Self-consistent calculations of quadrupole moments of the first 2${}^{+}$ states in Sn and Pb isotopes

A method of describing static moments of excited states and transitions between excited states is formulated for nonmagic nuclei within the Green's function formalism. Quadrupole moments of the first 2${}^{+}$ states in tin and lead isotope chains are calculated self-consistently using the energy density functional by Fayans et al. [Nucl. Phys. A 676, 49 (2000)]. Reasonable agreement with available experimental data is obtained. Quadrupole moments of unstable nuclei including ${}^{100}$Sn and ${}^{132}$Sn are predicted. A nontrivial dependence of the quadrupole moments on the neutron excess is found which can be traced to the negative proton contributions.

Figure 1

$g^2$ order corrections to the mass operator in magic nuclei.

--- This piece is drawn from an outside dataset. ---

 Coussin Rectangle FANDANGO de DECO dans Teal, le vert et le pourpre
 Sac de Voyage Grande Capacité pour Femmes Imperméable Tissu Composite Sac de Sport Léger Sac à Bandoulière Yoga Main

The circles with one wavy line in the first term are the phonon creation amplitudes $g$. The second term is the phonon tadpole.

Figure 2

Matrix element $M_{LL}$ in the form of Eq. (5).

Figure 3

Matrix elements for $M_{LL}^{\left(1\right)}$ and $M_{LL}^{\left(5\right)}$ for nonmagic nuclei.

Figure 4

Quadrupole moments of the first 2${}^{+}$ excited states in even Sn isotopes.

Figure 5

Same as in Fig. 4 but for Pb isotopes.